Friday, September 21, 2012

Rosh Hashanah 5773 | Making the Perfect Round Spiral Challah

I know, I know, Rosh Hashanah has passed, but I still put it in this title.  In our family, we make round-shaped challot all the way through Shabbat Shuvah, Sukkot, and Simchat Torah.  Personally, I think that the braided round (tutorial from last year) is really the loveliest of round challah shapes, and the Croatian star is one my most commonly hit pages here.  However, for certain recipes, the simple spiral challah is the perfect shape.

The round spiral is known by a few names, apparently.  I was surprised to read it referred to as a "turban challah," which to me brings up all sorts of funny visions of Maimonides (Rambam, Moshe ben Maimon, however you want to to call him).

Another name for the spiral is a Faigele which is Yiddish for "little bird." This website gives a good description for this name...
According to the Encyclopedia Judaica, the New Year's spiral is a shape with a Ukrainian origin, originally a bird shape with the center of the spiral culminating in a bird's head: "The bird's head symbolizes the phrase in Isaiah 31:5 'As birds hovering, so will the Lord of Hosts protect Jerusalem'" — which helps to explain why this spiral shape would be called a faigele, "little bird" in Yiddish.
Regardless of what you call it, it's lovely.  The following technique is a great way to make a really nice, smooth round challah shape.  It works equally for plain challah and for stuffed challah, so I've given you a set of pictures from both methods.

Start out with your dough on a flour surface.  With a rolling pin, roll the dough out smoothly and flat into a long, oblong rectangle about 1/4 inch thick.

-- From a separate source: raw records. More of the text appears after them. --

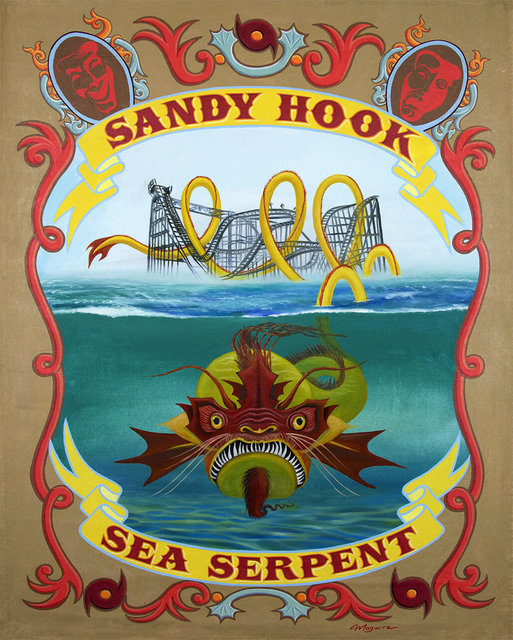 molly mcguire, ‘ "Sandy Hook Sea Serpent"’, ca. 2018, Painting, Acrylic on re-purposed canvas, Parlor Gallery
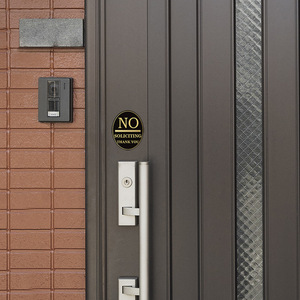No Solicting Sign Acrylic Black Gold Lettering Durable Door Window Accessory - Product Image 4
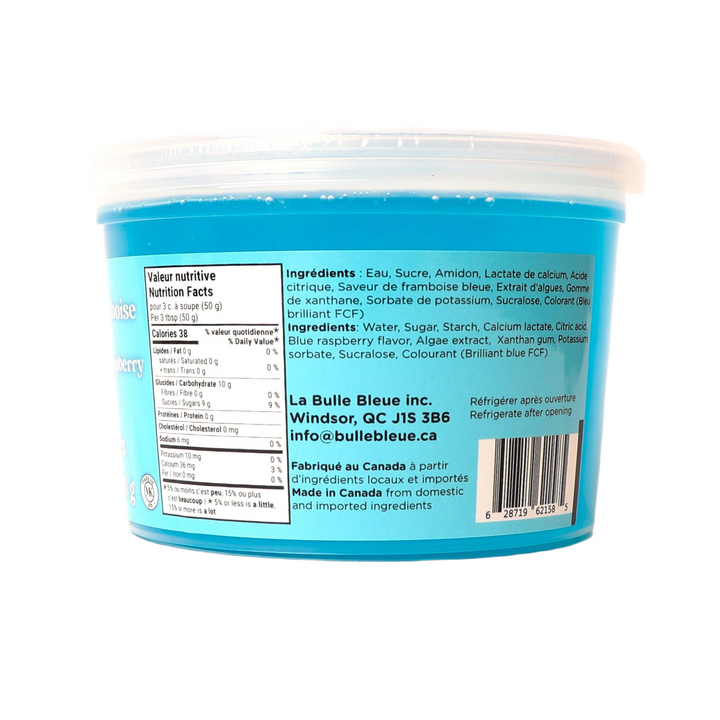 Bulle Bleue Popping Boba, Blue Raspberry Flavour, 500g Container, Made in Canada, Contains Water, Sugar, Starch, Natural Flavours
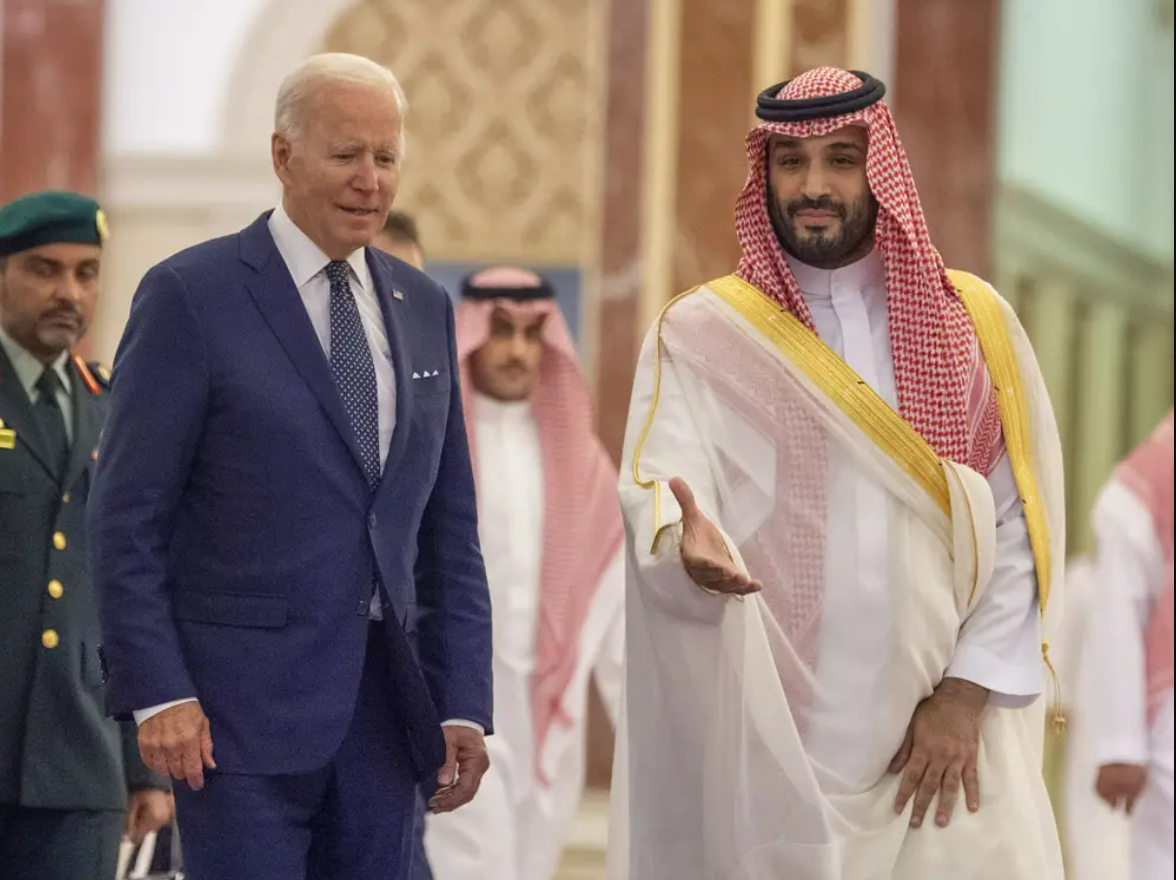 Photo: US President Joe Biden and Saudi Arabian Crown Prince Mohammed bin Salman at Alsalam Royal Palace in Jeddah, Saudi Arabia on July 15, 2022. Source: Royal Court of Saudi Arabia / Handout/Anadolu Agency via Getty Images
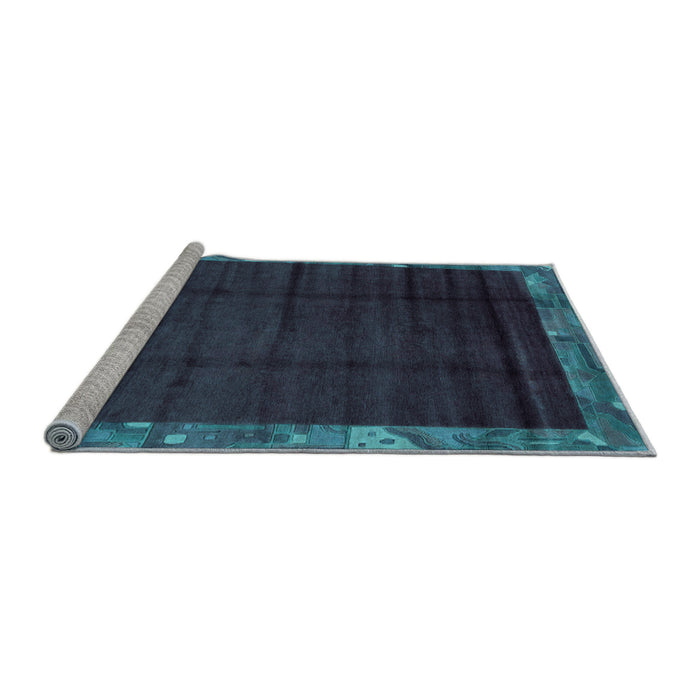 Sideview of Machine Washable Abstract Light Blue Modern Rug, wshabs1895lblu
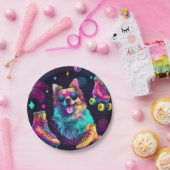 Roller Skate Disco Dog Pappteller (Party)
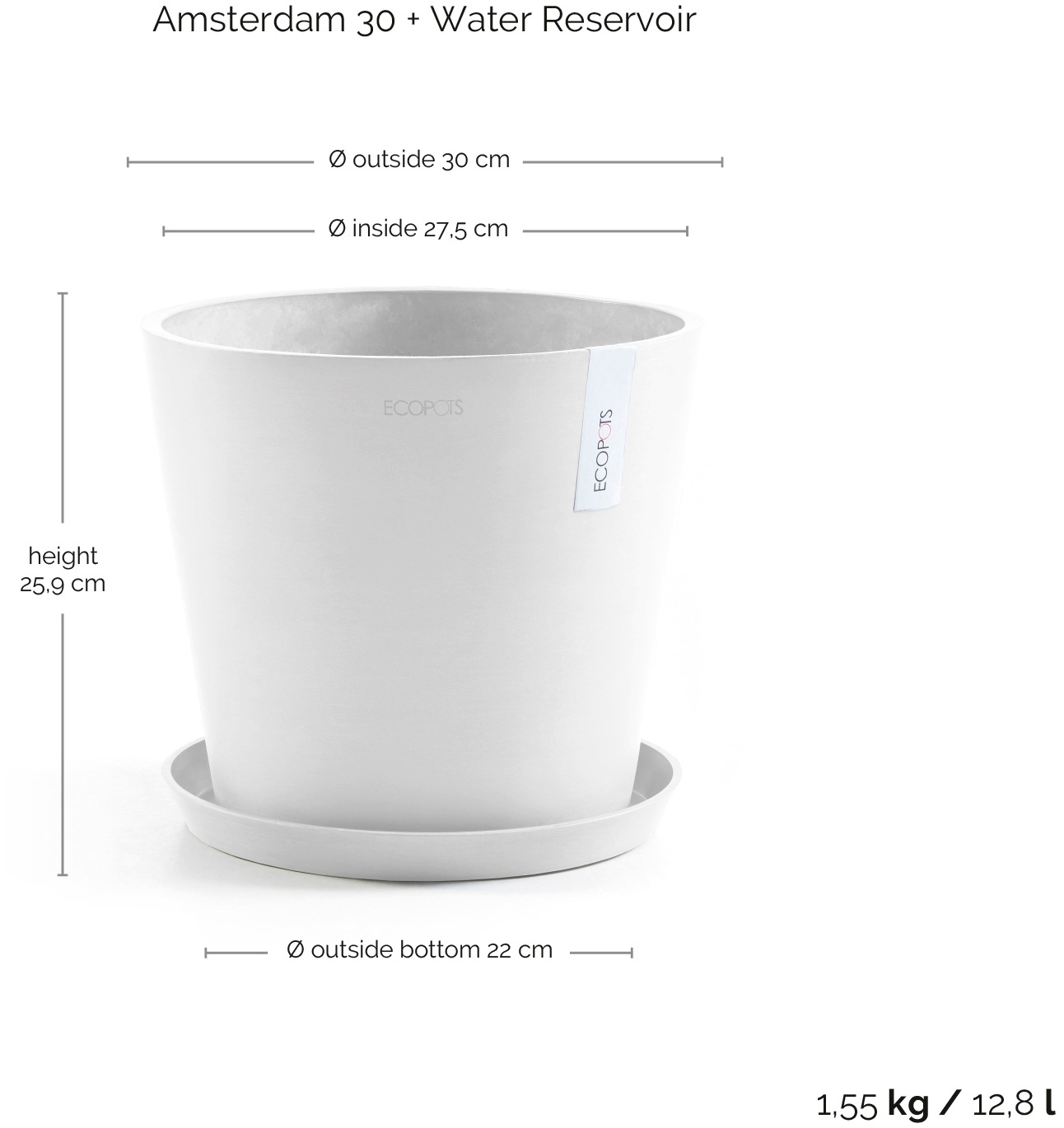 ECOPOTS Blumentopf »Amsterdam 30 + Wassersystem Weißgrau«, für innen und außen: frostsicher, bruchsicher und lichtbeständig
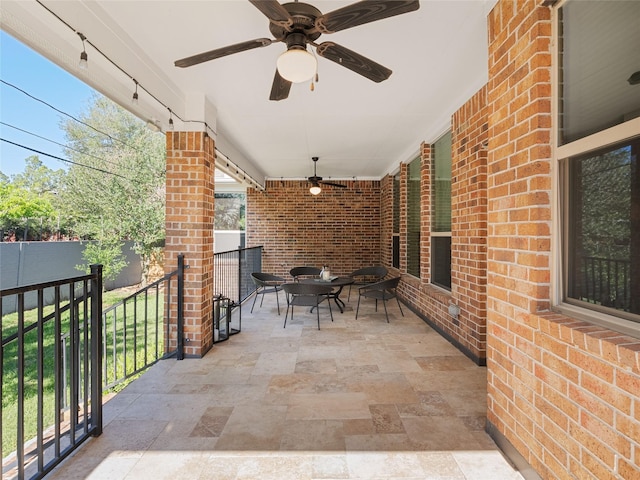4635 Beech St, Bellaire, TX 77401 - view of patio with a ceiling fan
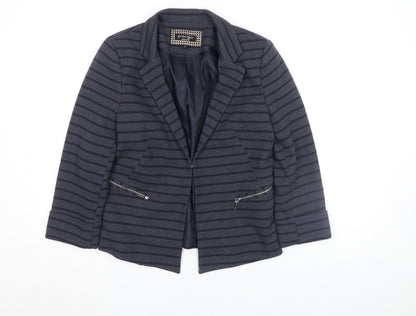 Additional front view of Principles by Ben de Lisi Women's Blue Striped Blazer, size 10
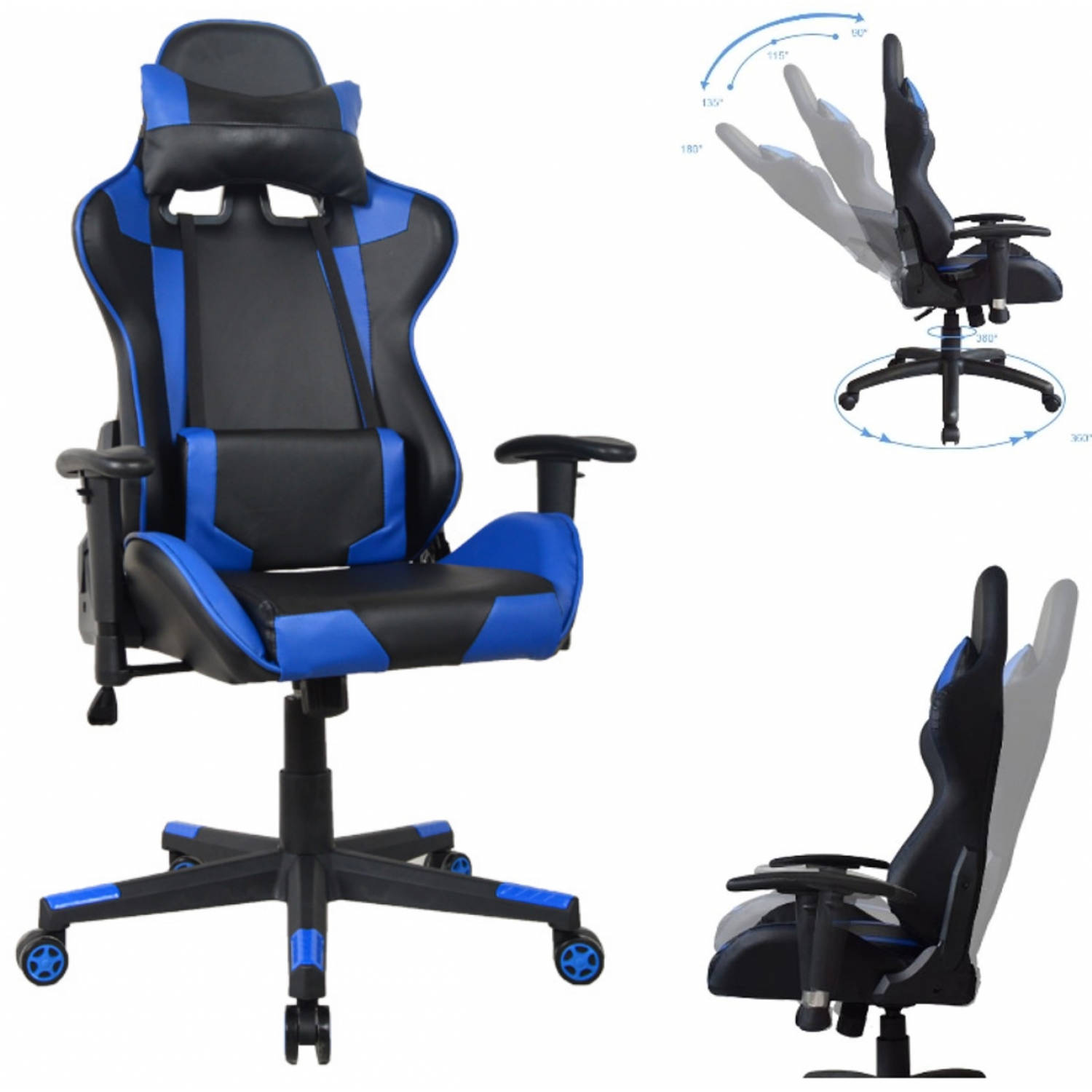 Bureaustoel Racing Gaming Chair Style Uitvoering High Design Thomas Blauw - Zwart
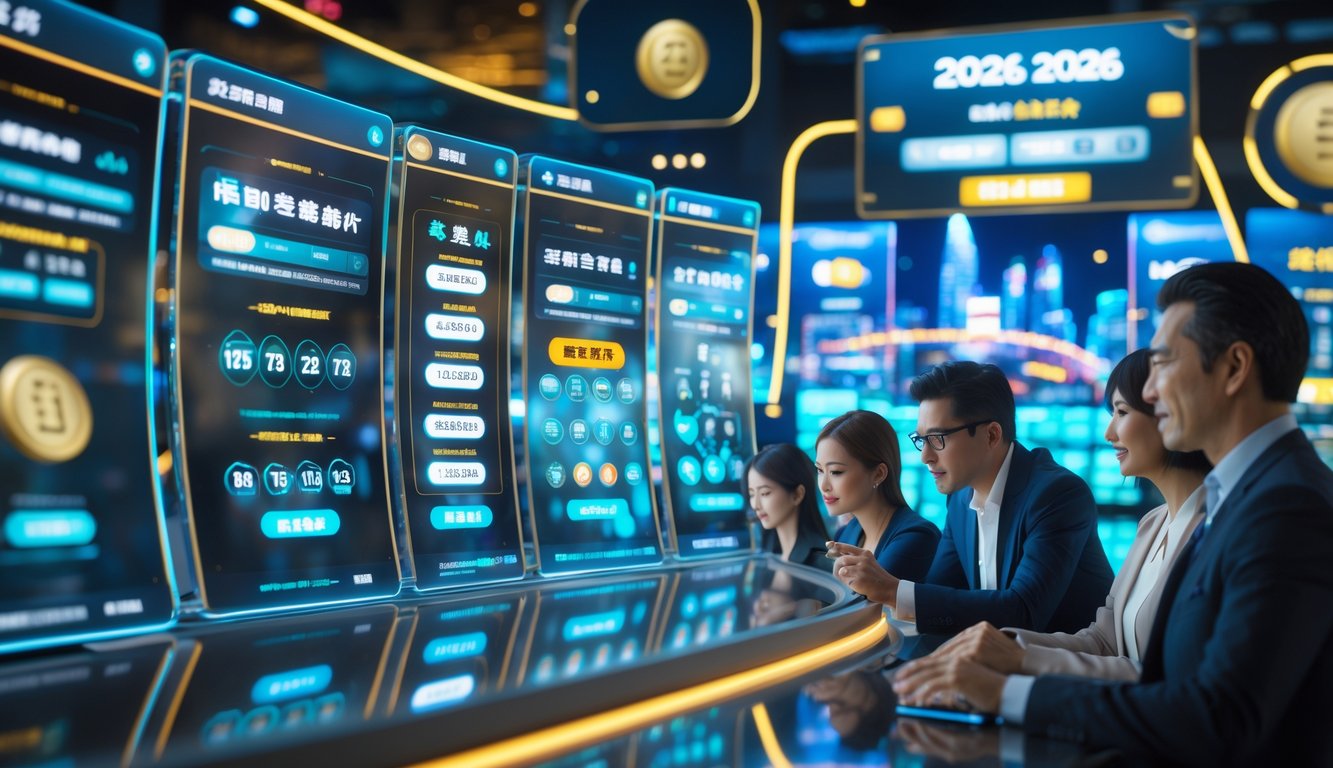 Orang-orang menggunakan perangkat digital dengan latar belakang kota Macau yang terang dan modern, menunjukkan suasana taruhan dan lotere online yang cepat dan terpercaya.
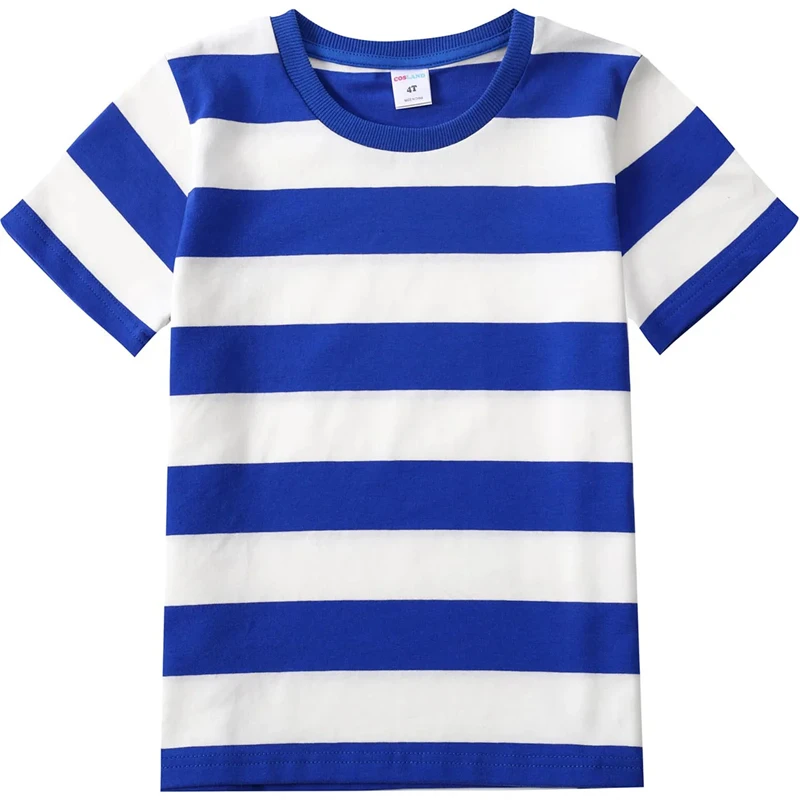 

Contrasting Colors Stripes Design Tee Shirts O-neck Short Sleeve Leisure Men And Women's 2024 Summer New Clothing Classic Tee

Next, coil up the challah, trying to keep as many of the bubbles out as possible. The resulting strand should be about the size you would normally use to braid challah.
spiral05 spiral06
For a stuffed apple challah (or any filling), the process is the same, however you add your apples! I keep my apple pieces very small, flour them, and keep a consistent amount throughout the coil, which helps prevent air pockets. Also, keep them away about an inch or two from the ends to get a good seal.
spiral02 spiral03
Once you have your long strand, use your palms to length it if desired. When coiling, start by making the small central point and then switch to bring the long tail around the center (I learned this from an elderly woman at my synagogue... I'm not sure quite why, but it seems to make a more successful shape.)
If you like your round challah to be tall, keep the strands nice and tight together with each other. The result will be that, as the challah bakes, the center will be pushed up for a nice tall loaf.
Conversely, if you want your challah to be flatter, try to keep a bit of air in between the coils. The key is just a tiny bit otherwise your challah won't fuse enough. I always try to do this method, because I like my round challot flatter. Below is my crowning achievement in round challot... no other loaf has been quite as pretty as this one.  And perhaps that is the key... accepting that your challot are beautiful no matter what, even if they're a little extra tall like the one above.
Wishing you a Shabbat of rest and of peace and a very meaningful fast this Yom Kippur. From our bayit to yours.